#### INSTRUCTIONS FOR THE TASK:
Please output the records below word for word and omit the pictures.

(Records from a data collection)
-*-*-
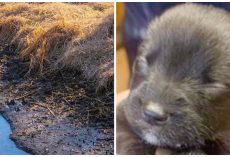 With Every Ounce Of Strength In Their 3-Day-Old Bodies, They Cried From A Ditch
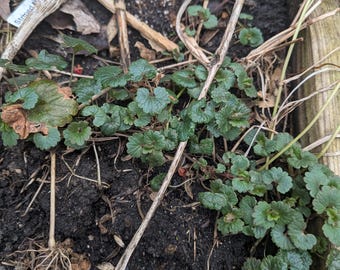 Pianta tappezzante di Eleusine crus-galli appena dissotterrata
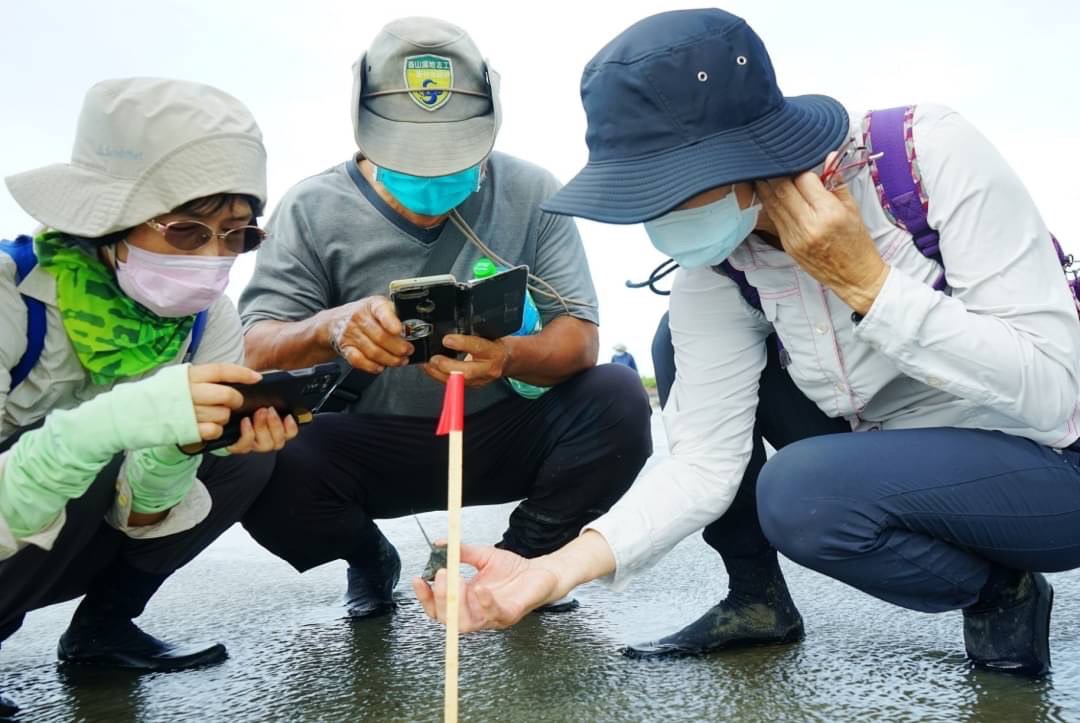 調查大隊在新竹香山溼地發現雉鱟。新竹市府提供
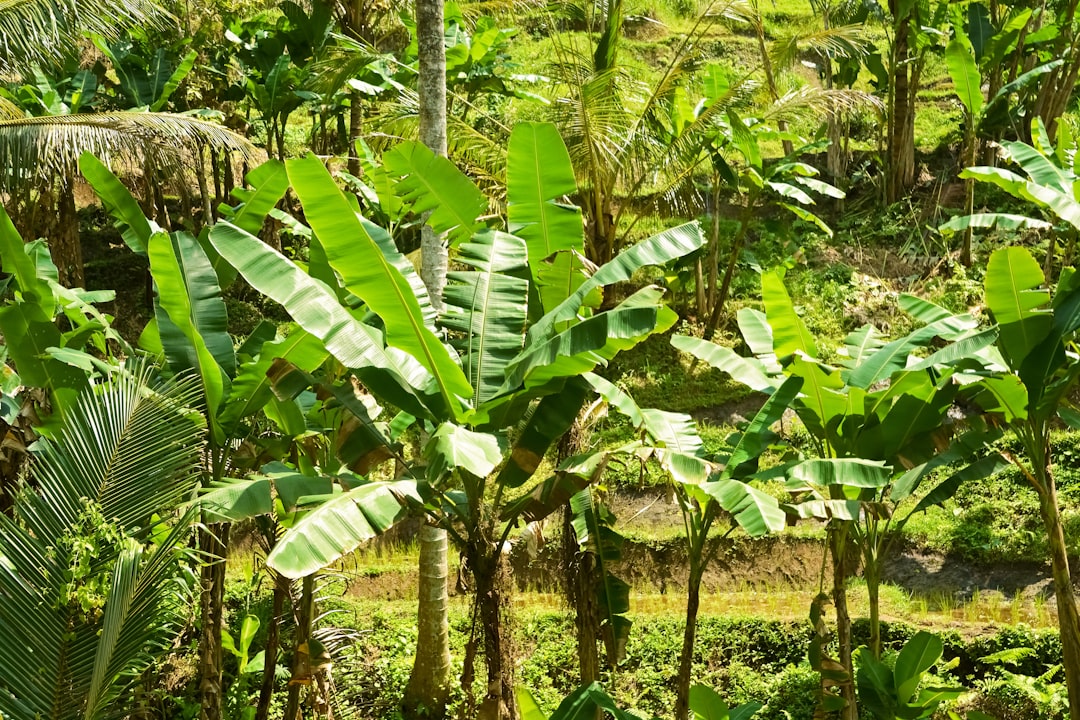 green banana trees on green grass field during daytime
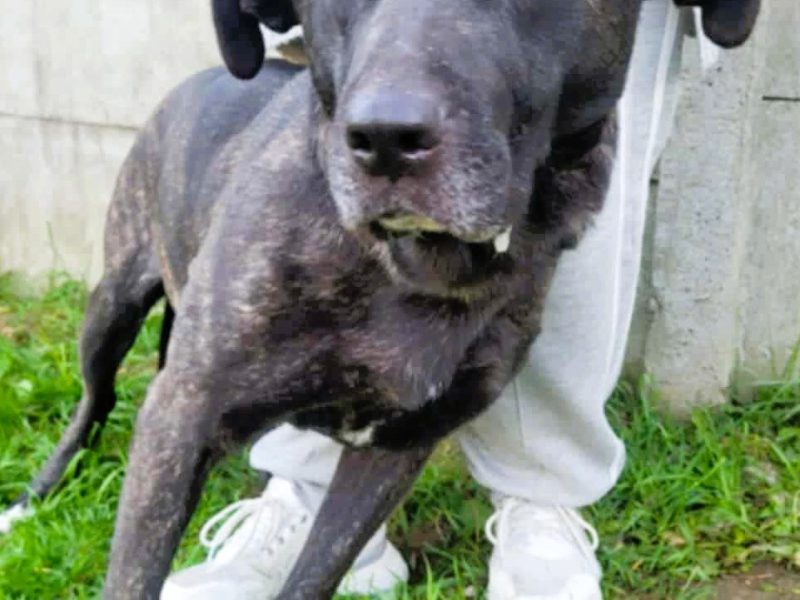 FIBI - piękna delikatna sunia szuka domu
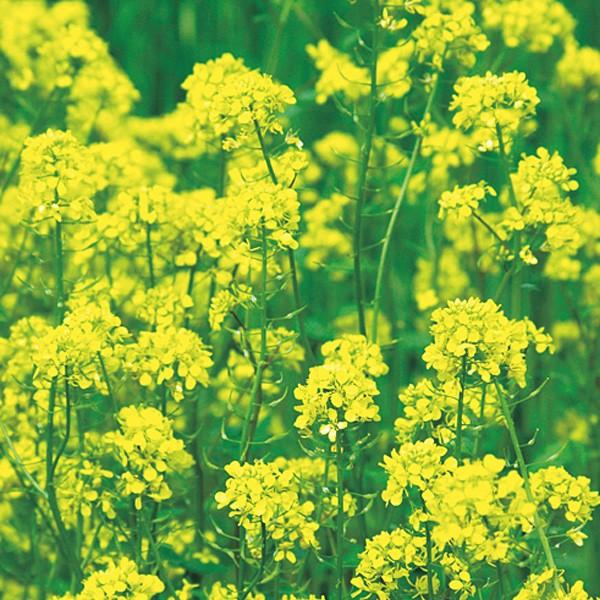 緑肥用からしな 安価 シロカラシ 日本製 黄花のちから 1kg 景観用作物 種 タキイ種苗 緑肥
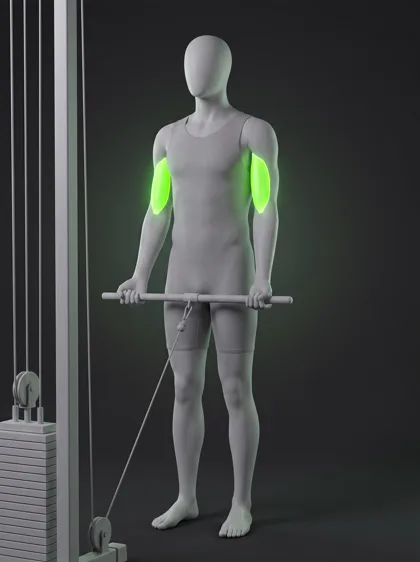 Standing Cable Rope Biceps Curl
-*-*-
#### EXERCISE OUTPUT:
 With Every Ounce Of Strength In Their 3-Day-Old Bodies, They Cried From A Ditch
 Pianta tappezzante di Eleusine crus-galli appena dissotterrata
 調查大隊在新竹香山溼地發現雉鱟。新竹市府提供
 green banana trees on green grass field during daytime
 FIBI - piękna delikatna sunia szuka domu
 緑肥用からしな 安価 シロカラシ 日本製 黄花のちから 1kg 景観用作物 種 タキイ種苗 緑肥
 Standing Cable Rope Biceps Curl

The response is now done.